XVII. Il s’ensuit donc qu’il agit selon sa nature, et que, toujours prêt à se mouvoir, il met parfois en mouvement tout le reste. Et quand ? lorsqu’il est arrêté dans son cours. Tant que rien ne l'empêche, il coule paisiblement ; est-il repoussé ou retenu il devient furieux et brise ses barrières ; on peut le comparer

À l’Araxe indigné contre un pont qui l’outrage[1].

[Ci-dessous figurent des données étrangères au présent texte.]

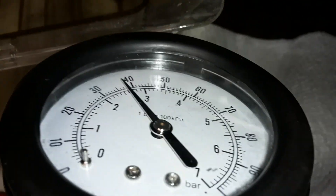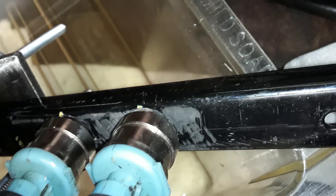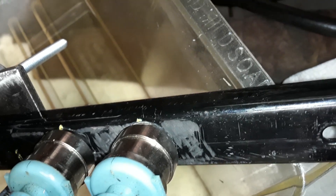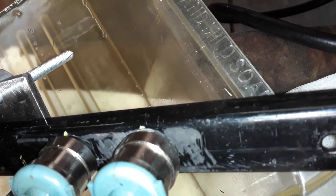I can see it here — I'm getting the spray pattern. I showed this in the last video anyway, so this is the spray pattern I'm getting.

Le fleuve, tant que son lit est libre et ouvert, développe à mesure le volume de ses eaux : mais si la main de l’homme ou le hasard a jeté sur sa voie des rochers qui le resserrent, alors il s’arrête pour mieux s’élancer ; et plus il a d’obstacles devant lui, plus il trouve de ressources pour les vaincre. Toute cette eau, en effet, qui survient par derrière et qui s’amoncelle sur elle-même, cédant enfin sous son propre poids, s’apprête à tout rompre de force et se précipite emportant ses digues dans sa fuite. Il en est de même de l'air. Plus il est puissant et délié, plus il court avec rapidité, et brise violemment toute barrière : de là un ébranlement de la partie du globe sous laquelle il luttait. Ce qui prouve que cela est vrai, c’est que souvent, après une commotion, quand il y a eu déchirement du sol, du vent s’en échappe pendant plusieurs jours, comme la tradition le rapporte du tremblement de terre de Chalcis. Asclépiodote, disciple de Posidonius, en parle dans son livre des Questions naturelles.

  1. Éneide, VIII, 728.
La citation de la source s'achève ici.